N, pour Nyírség, ce pays des bouleaux du nord-est de la Hongrie.

N, enfin, pour N.N., « le héros anonyme de cette histoire », sous les traits duquel il faut s’imaginer Gyula Krúdy, écrivain hongrois dans la force de l’âge lorsqu’il termine N.N. à l’hiver de 1919, mais qui retourne vers sa région d’enfance dans ce roman à la poésie calme et empreinte de nostalgie.

Province en dehors du monde, « faite pour élever des êtres solitaires », province autant rêvée que réelle, le Nyírség est le cadre idéal aux réminiscences de N.N. sur une vie qui s’écoule en forme de long voyage stationnaire.
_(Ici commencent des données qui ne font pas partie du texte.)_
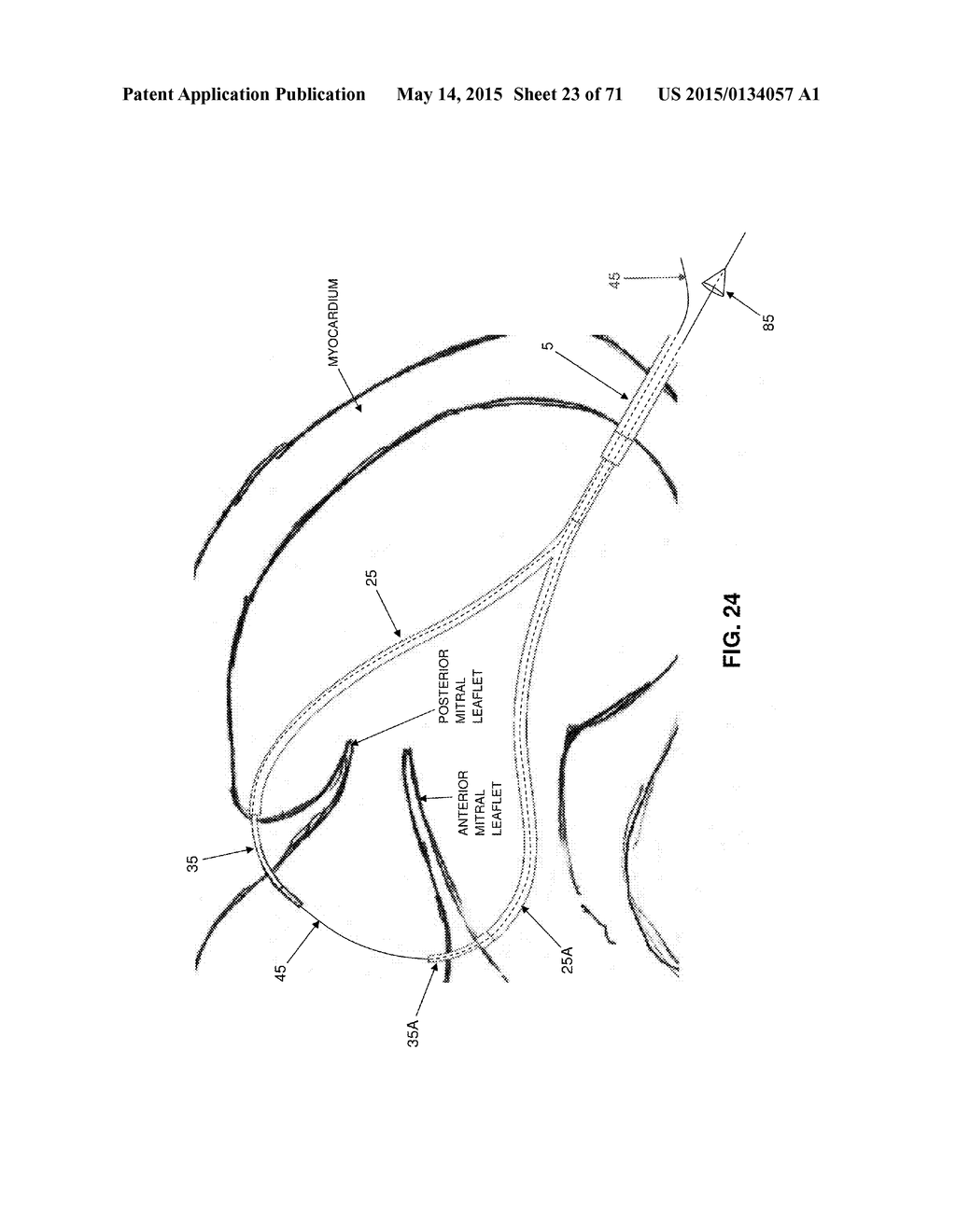 METHOD AND APPARATUS FOR REPAIRING A MITRAL VALVE - diagram, schematic, and image 24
Au centre du livre, une grande absence de 10 ans, évoquée en à peine une phrase, sépare en effet la jeunesse du narrateur marquée par l’impatience de découvrir le monde de Pest la capitale, du retour fortuit de l’homme plus âgé mais toujours à la recherche d’une quiétude qui semble hors d’atteinte.

Trouverons-nous jamais l’endroit où le bonheur habite ?

De page en page, le lecteur déambule avec N.N., au gré des souvenirs de ce « voyageur égaré » : lui, ce grand solitaire inquiet, nous dresse le portrait d’une région au train de vie rythmé par le passage des saisons et le travail des champs. C’est aussi toute une galerie d’hommes et de femmes au caractère d’un autre temps – la belle Jella, courtisée par trois générations d’une même famille, l’avocat Huray, Monsieur Szomjás (« un esprit fantasque, mais à peine plus flou que les seigneurs extravagants du Nyírség du siècle dernier »), les deux sœurs Ónodi, font partie de ces personnages qui émaillent le récit et prennent d’autant plus facilement d’ampleur que la vie rurale décrite en arrière-plan semble si paisible et retirée.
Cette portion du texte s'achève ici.